I have already sent one of my Pro Control's back to TT for a similar problem and it wasn't even a month old yet! The first time I had a problem with it the receiver it just wouldn't respond, no sound, no blink to indicate it got the signal, nothing. It would do the slow steady blink indicating it was on and everything was OK. I gave it the benefit of the doubt and charged it. The next day it worked fine. I used it for about a week and it did it again. This time charging overnight still did not fix it. I sent it back earlier this week and they are cross shipping me a new one.


----------



## Jeffrey Bandel (Nov 24, 2003)

I bought 3 of them with my Zinger Wingers and 2 are bad. If I were in the market I would stay completely away from them.


----------



## DL (Jan 13, 2003)

Mine have started to do some odd things that is for sure.

Jeff,

Did I meet you at the Lardy Seminar in March?

David Lundy


----------



## Jeffrey Bandel (Nov 24, 2003)

I was not there. A friend of mine was there with his Golden.


----------



## jeff t. (Jul 24, 2003)

DL said:


> Mine have started to do some odd things that is for sure.
> 
> Jeff,
> 
> ...


David,

I was at the Lardy seminar in March...with a little dog named "Sinner"
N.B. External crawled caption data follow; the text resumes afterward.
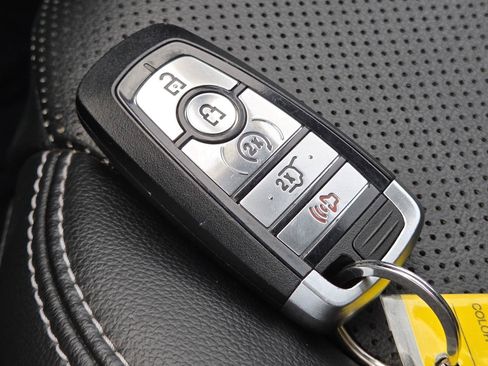 Used 2021 Ford Escape SEL w/ Technology Package FWD image 30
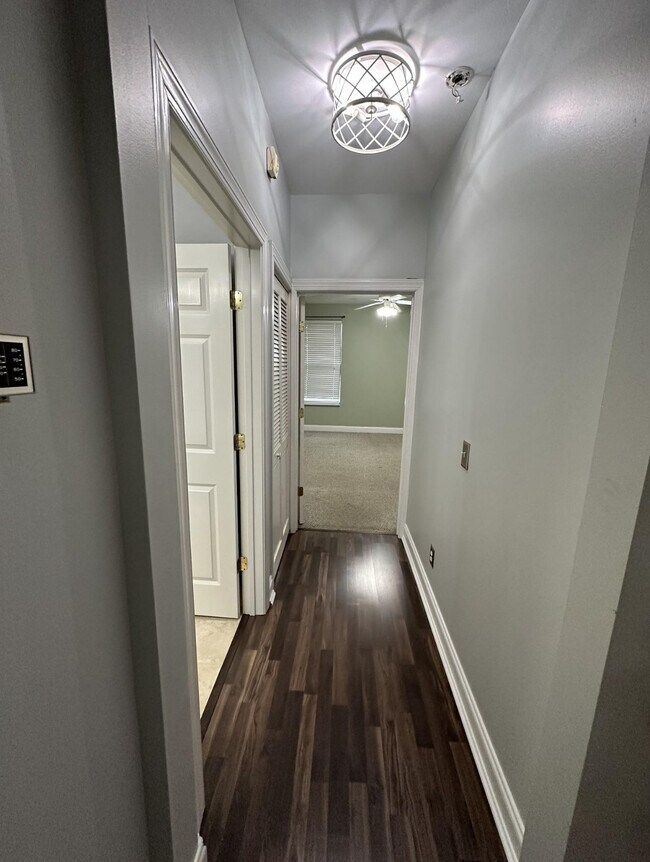 Building Photo - 4316 Summercrest Blvd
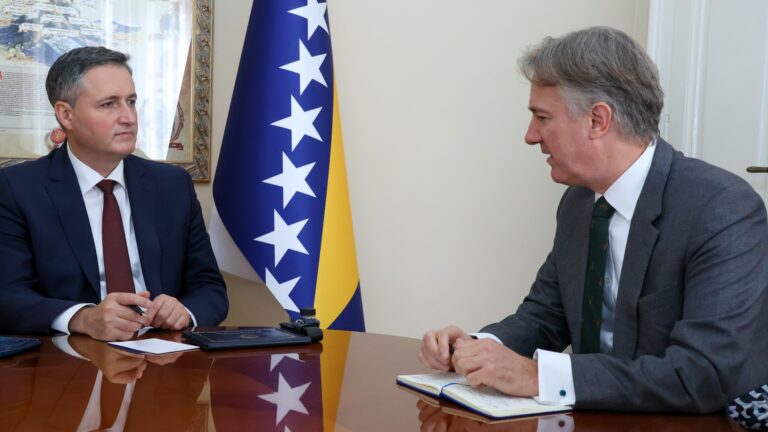 Bećirović: Jačanje veza BiH i Ujedinjenog Kraljevstva je strateški interes naše države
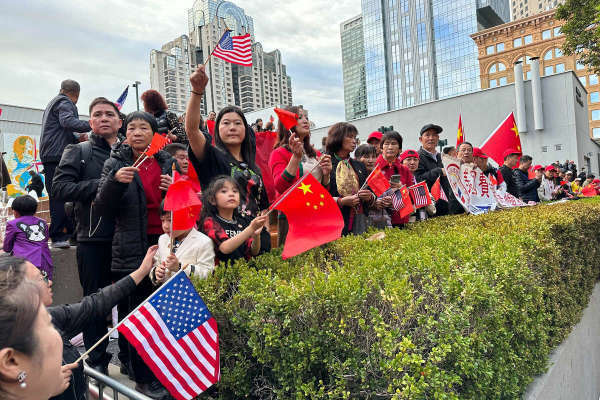 大批美国旧金山当地华人华侨热烈欢迎中方访问并出席APEC会议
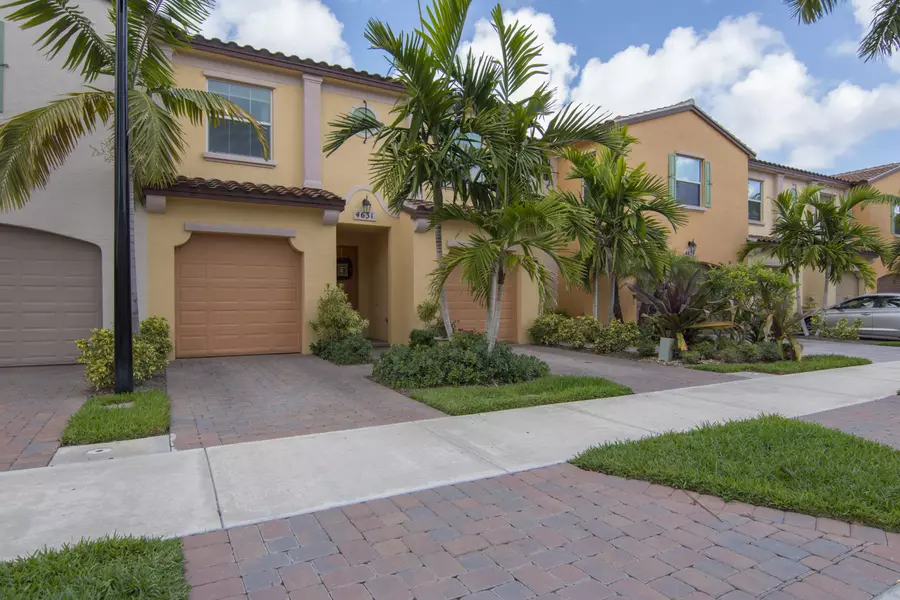 4631 Mediterranean CIR, Palm Beach Gardens, FL 33418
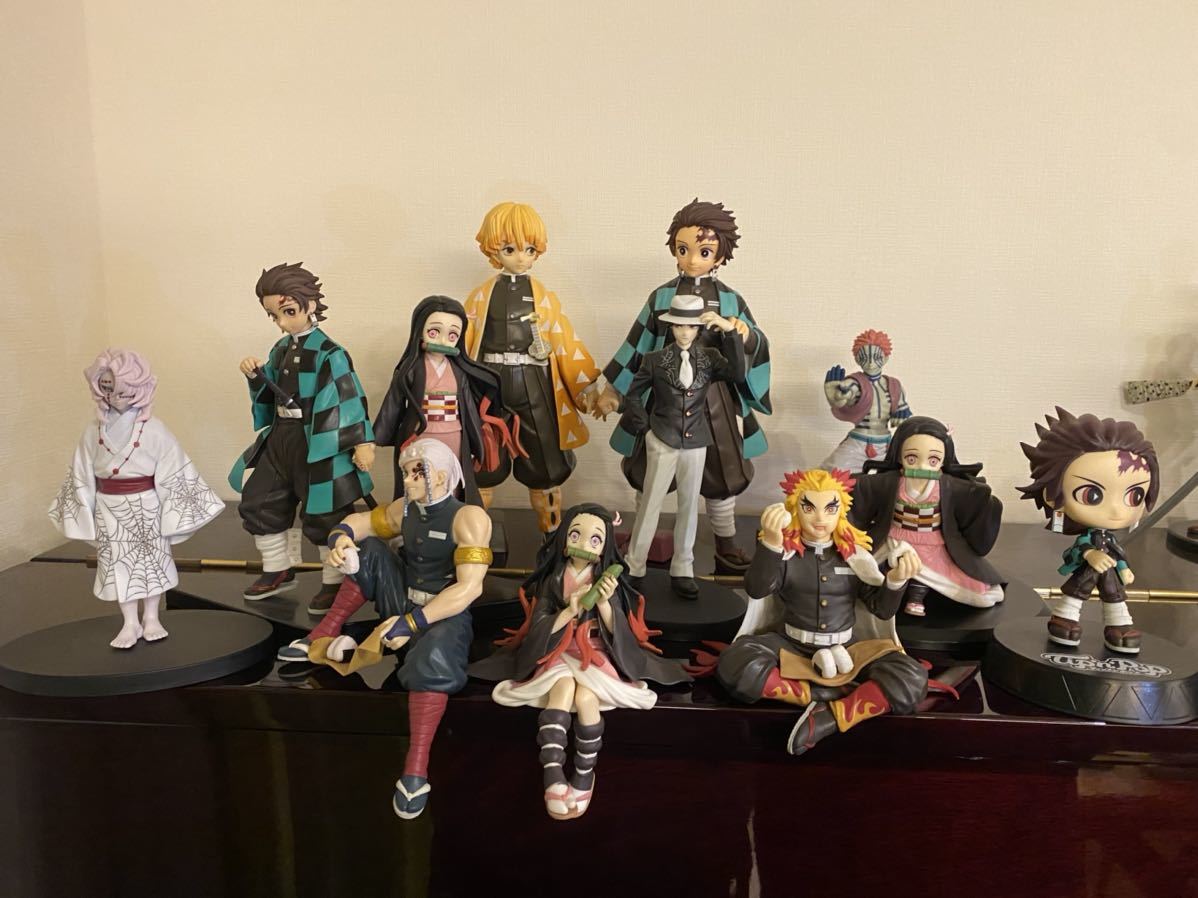 フィギュアまとめ売り　オーバーロード　呪術廻戦　銀魂　ドラゴンボール等 鬼滅の刃 呪術廻戦 ドラゴンボール 銀魂 フィギュア まとめ売り おまけ
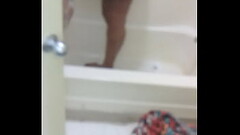 Lil shower vid. Thumb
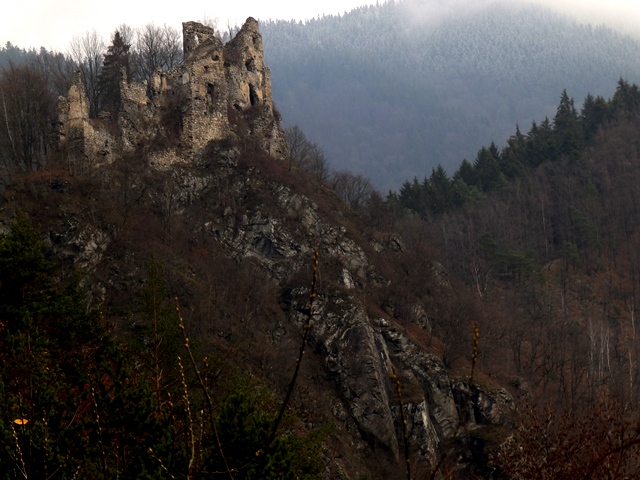 Starý hrad - pohľad od juhozápadu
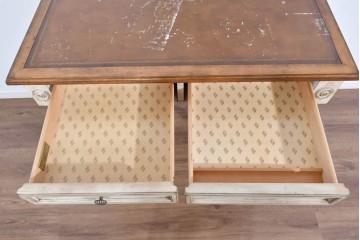 アメリカヴィンテージ　アンティーク調　DREXEL HERITAGE(ドレクセルヘリテイジ)　Et Cetera(エトセトラ)　上品な脚部装飾のレザートップデスク　(R-085494)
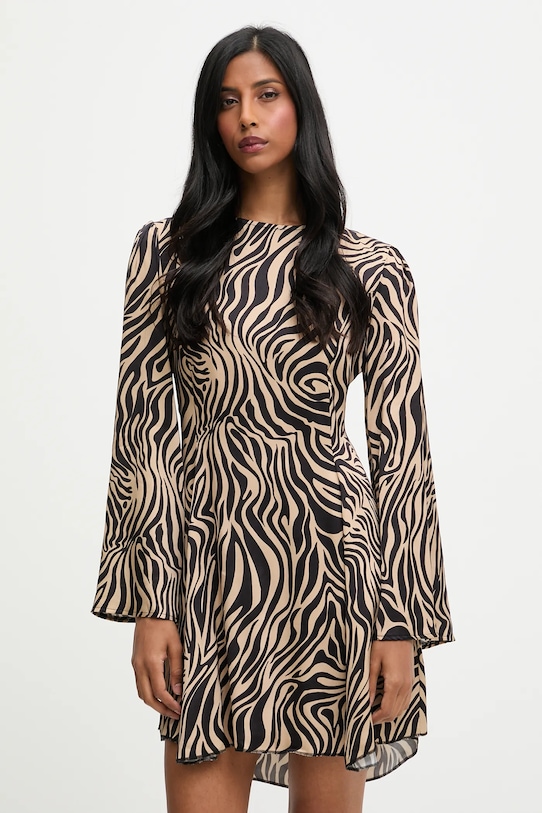 Платье Answear.Lab, черный
Платье Answear.Lab, черный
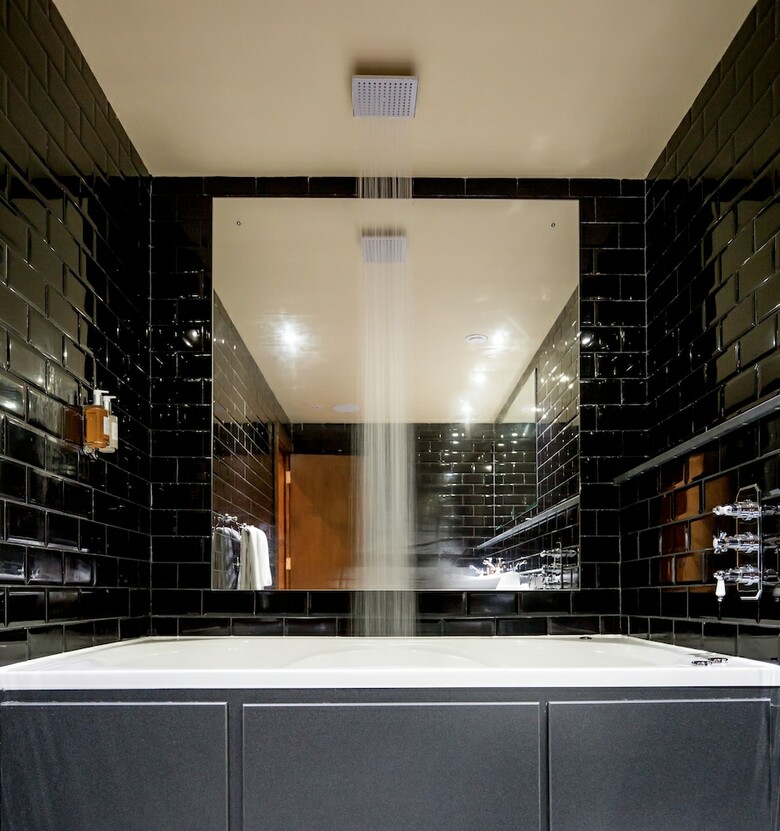 Signature Living At The Shankly Hotel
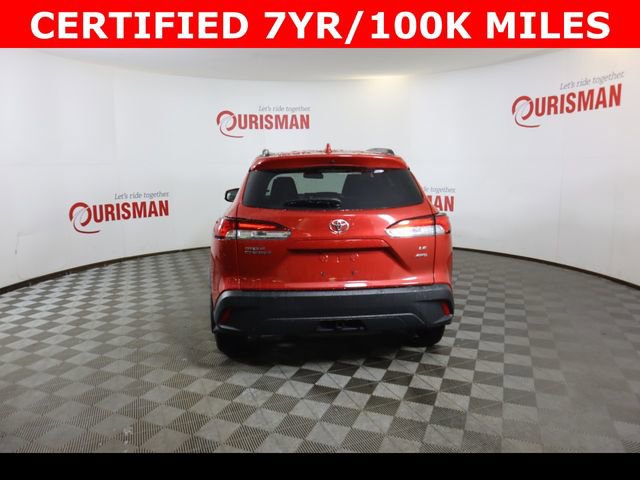 Used 2024 Toyota Corolla Cross LE image 12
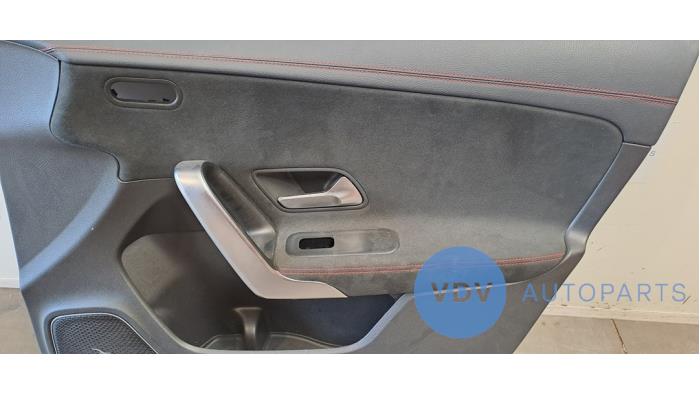 Front door trim 4-door, right Mercedes CLA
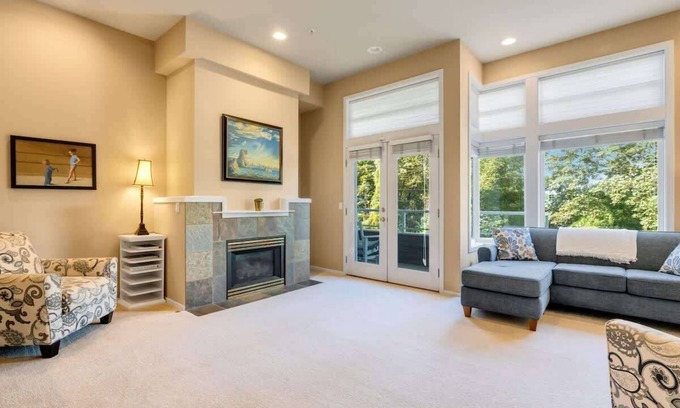 West Queen Anne House | Modern 3BD Home in Queen Anne
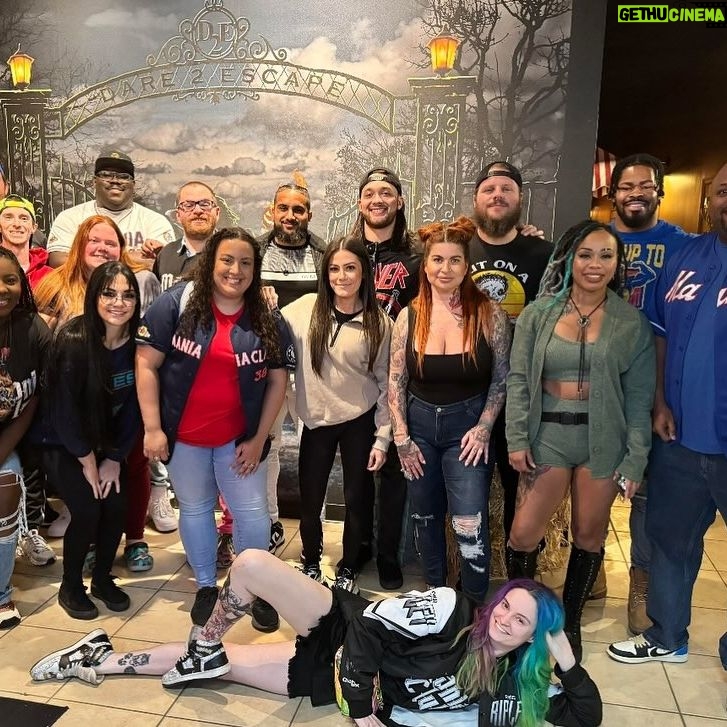 Kacy Catanzaro Instagram - We had so much fun AND raised $4,000 for @connorscure , @gktwvillage , and @nmdp_org ! Thank you to everyone who came out and helped raise money! HUGE THANK YOU to @maniaclubofficial , @the_omar_show , @itsamedemario , @dare2escapekissimmee , and all of the @wwe @wwenxt Superstars who made the time to come out!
Don't recall any other "Jeffs" there.


----------



## DL (Jan 13, 2003)

Jeff,

I was thinking that Comet's owner was named Jeff, and I know he said he was from Radford, or someplace in the mountains. I'll have to go look through the name of participants.

I learned a lot at the seminar. I taught my dog fun bumpers, corrected some stuff ala Lardy, and he looks really good on his pattern blinds. I'm waiting for grass to grow around the swimby pond, but so far so good.

You all at Yadkin do a very good job with your hunt tests. I have only been to one, but I had a favorably first impression. 

Thanks,

DL


----------



## Jeffrey Bandel (Nov 24, 2003)

His name is Mike Hitesman from Radford, VA.


----------



## DL (Jan 13, 2003)

I wooped up on my dog ala Lardy the other day for noise too


----------